(Stored items)
____

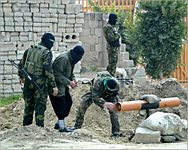 Siyonistler "Hamas'ın Zaferi"ni Konuşuyor!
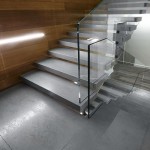 SCALE A SBALZO GHOST STONE CRYSTAL PLUS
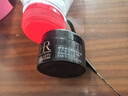 赫蓮娜（HR）活顏修護晚霜 5ml 黑繃帶面霜小樣【臨期清倉】 曬單實(shí)拍圖
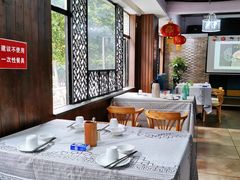 -北雪湘园酒家(五山店)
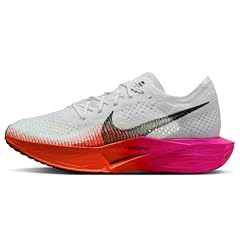 Nike vaporfly electric for sale  Delivered anywhere in USA 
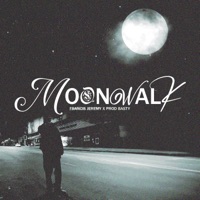 Moonwalk - Single - Francis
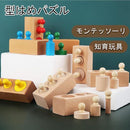 ffff25800000080008003fc03a7a7fd07fd17fff6edff7ff01ff05ef01300000808080808118831584001181100d1217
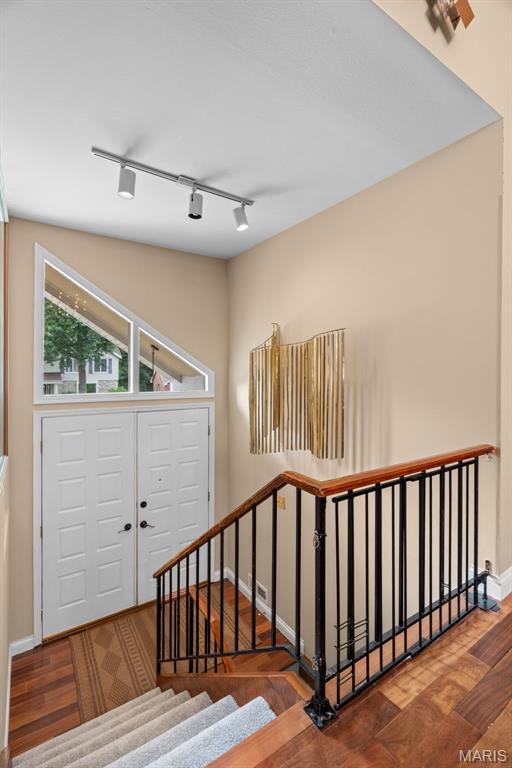 Ridgemont Three Lt 168 - Residential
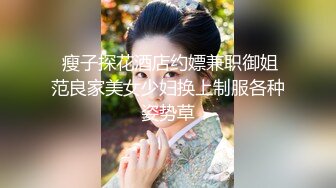 贵在真实，少妇背叛老公带回家中调教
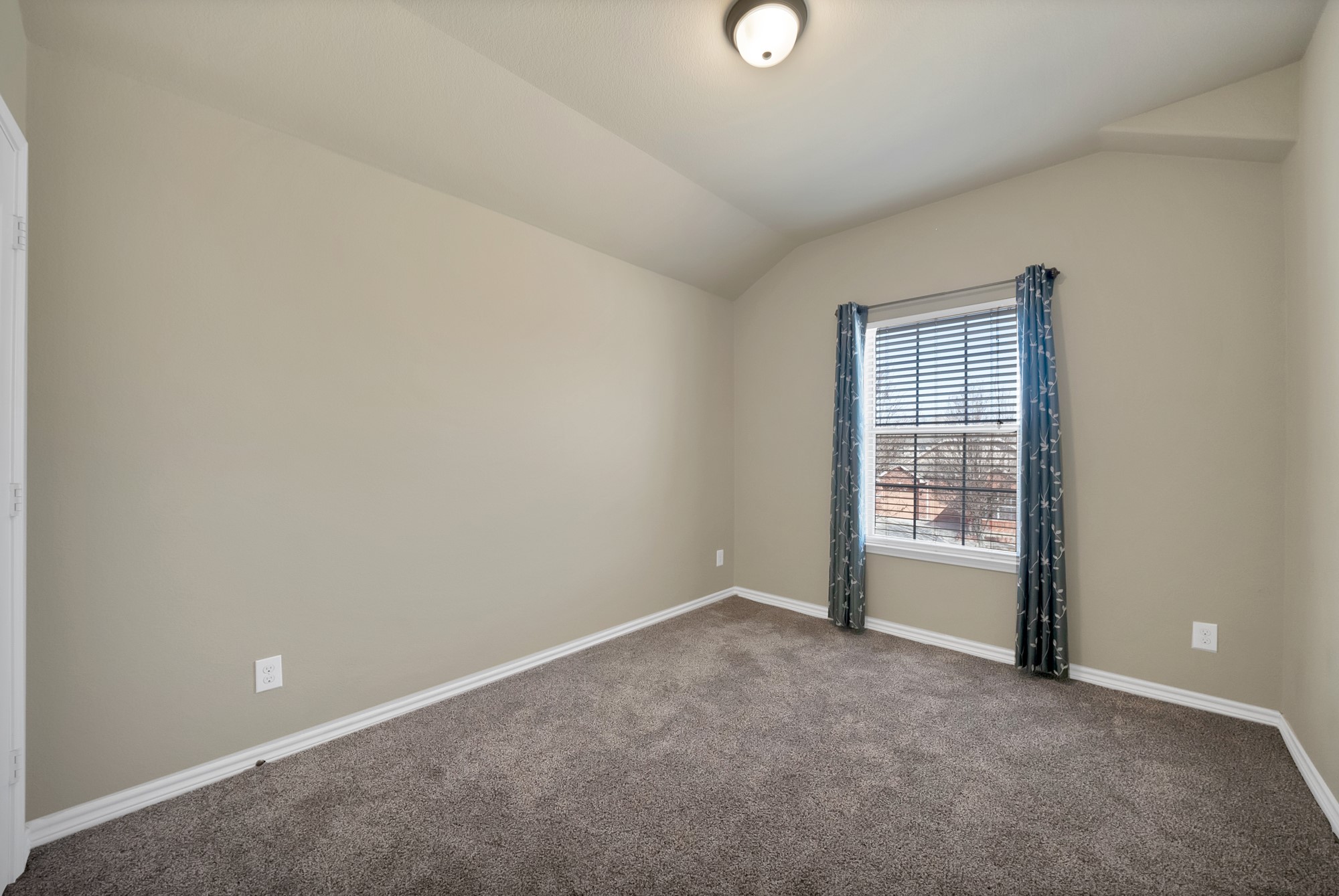 2316 Cup Drive Plano TX 75074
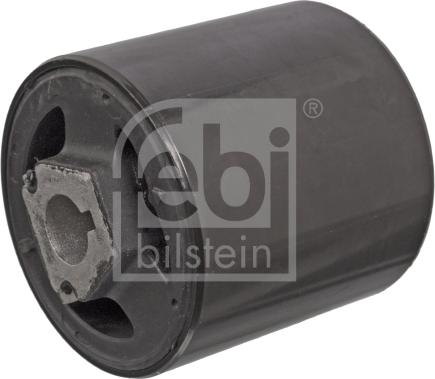 Febi Bilstein 26181 - Suport,trapez aaoparts.ro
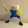 avatar of Fin The Human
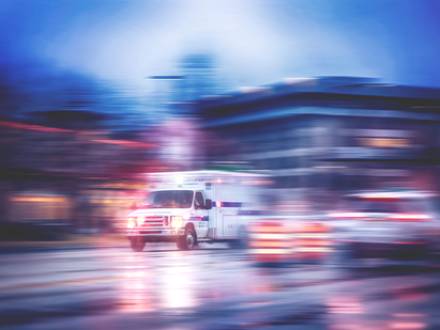 Kendall County Personal Injury Lawyers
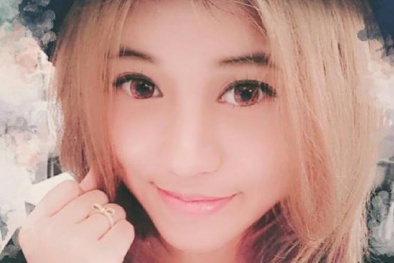 Nữ sinh Malaysia hầu tòa vì vô tư tiêu xài 75 tỷ ngân hàng 'biếu không' vào tài khoản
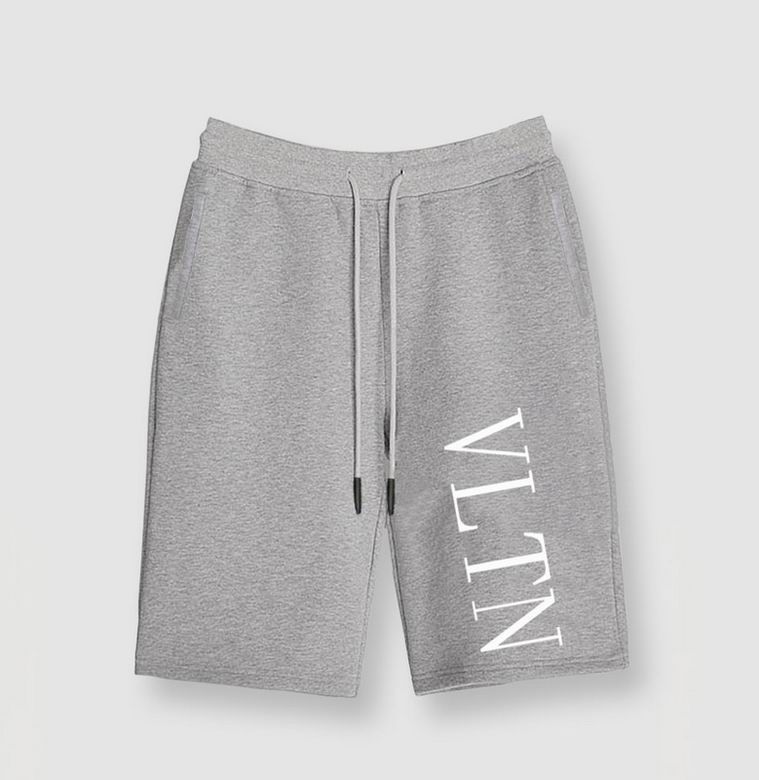Pantaloni Corti Valentino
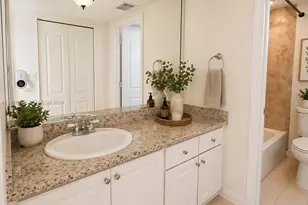 11051 W Okeechobee Rd, Miami, FL 33018 - Photo 21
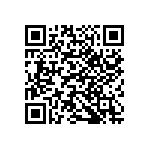 97-3106B16S-6PW-417 QRCode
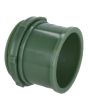 Conector de PVC ligero 1-1/4" CNPL032 Argos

____

With the pictures omitted, copy the entries above exactly from the line containing "Febi Bilstein 26181" through the line containing "Pantaloni Corti Valentino", both lines included.

### Result of the task
 Febi Bilstein 26181 - Suport,trapez aaoparts.ro
 avatar of Fin The Human
 Kendall County Personal Injury Lawyers
 Nữ sinh Malaysia hầu tòa vì vô tư tiêu xài 75 tỷ ngân hàng 'biếu không' vào tài khoản
Pantaloni Corti Valentino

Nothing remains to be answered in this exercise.